Tony Williamson’s “Murder Ain’t What it Used to Be!” finally brings another ghost into the actual plot of the story, rather than the handful that we’ve seen on the fringes. 35 years previously – say 1934 – a Chicago gangster named Bugsy, played by one of ITC’s stock American actors, David Healy, was double-crossed by his partner in a bootleg whiskey heist. The incident’s actually presented in a terrific black and white flashback as Bugsy pulls Marty back through time to witness it! Bugsy has been trying without success to kill his partner in accidents as his powers and control over the material world has grown far past Marty’s abilities.
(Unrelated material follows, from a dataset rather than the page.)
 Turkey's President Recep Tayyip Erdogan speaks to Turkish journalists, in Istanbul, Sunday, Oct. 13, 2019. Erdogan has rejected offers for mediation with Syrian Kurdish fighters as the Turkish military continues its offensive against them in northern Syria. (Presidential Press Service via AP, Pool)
The partner can occasionally see Bugsy, just as Jeff can see Marty, so he’s always on alert for crashing chandeliers and swerving cars. But while the ghosts can interact, neither living man can see the other’s ghost.
So the partner is now in England to conduct some syndicate business, and Bugsy now has somebody to help him exact revenge. Bugsy tells Marty that Jeff must murder the partner or else Bugsy will arrange an accident for Jean. This leads to one of the series’ all-time greatest lines: “Well, I can’t do anything, can I? If I start telling Jeannie that her late husband is being blackmailed by the ghost of a Prohibition gangster, she’ll go spare!”
Our son was instantly charmed by the arrival of the new ghost character, and with the exception of one pretty poor bit of wire work with some visible-from-space strings that demanded his raspberries, he chuckled all the way through this one. Marty finally pushes back against the more powerful Bugsy in a bizarre fight at the end – a fight that leaves Jeff able to see just one player – that has vases flying across the room and comedy sound effects as the ghosts stomp on each other’s feet. “That was GREAT,” our son said while hopping up and down nursing his own pretend-stomped-upon foot. I didn’t join him in slapstick, but agreed completely.